Smart contracts utilise the blockchain technology to help people exchange goods transparently, whilst avoiding the need for a middleman. The system works using the if-then premise. For example, if Mr.Bloggs turns up for a full day of work today, then he will be paid his day rate, if he doesn’t, then he won’t be paid. Smart contracts can be layered up with all the usual terms that you’d find in traditional contracts but with the ability to automate every rule.

We predict that over the next few years, we’ll see a sharp rise in smart contracts being used in favour of traditional contracts. Below are 7 reasons why.



Traditional contracts require a lot of back-and-forth communication and can take hours to create. With smart contracts, the code automates tasks and saves you precious time.

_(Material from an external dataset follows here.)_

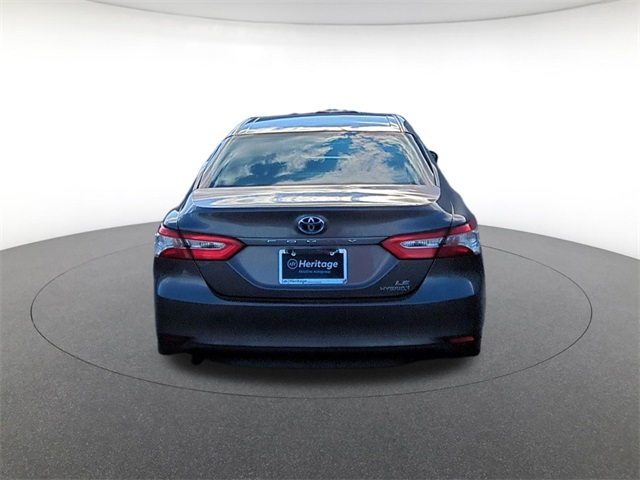 used 2018 Toyota Camry Hybrid car, priced at $17,911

Smart contracts are simple and therefore do not require intermediaries to be involved. Which means smart contracts do not require intermediaries to be paid. Cashback.



Whilst traditional contracts can be lost, with the blockchain, your documents are duplicated many times over. That means that even if your machine breaks, you can easily retrieve a copy of the contract.



If the agreed service did not meet requirements, then smart contracts can automate penalties. The great thing about having automated penalties is that no emotions are involved.



Smart contracts can be trusted to simply expire when they’re programmed too.



Whenever you cut out the need for people to be involved in a part of a process, then you’re reducing the risk of miscommunication which often happens between human beings.



Smart contracts avoid human-errors which are found in manual contracts.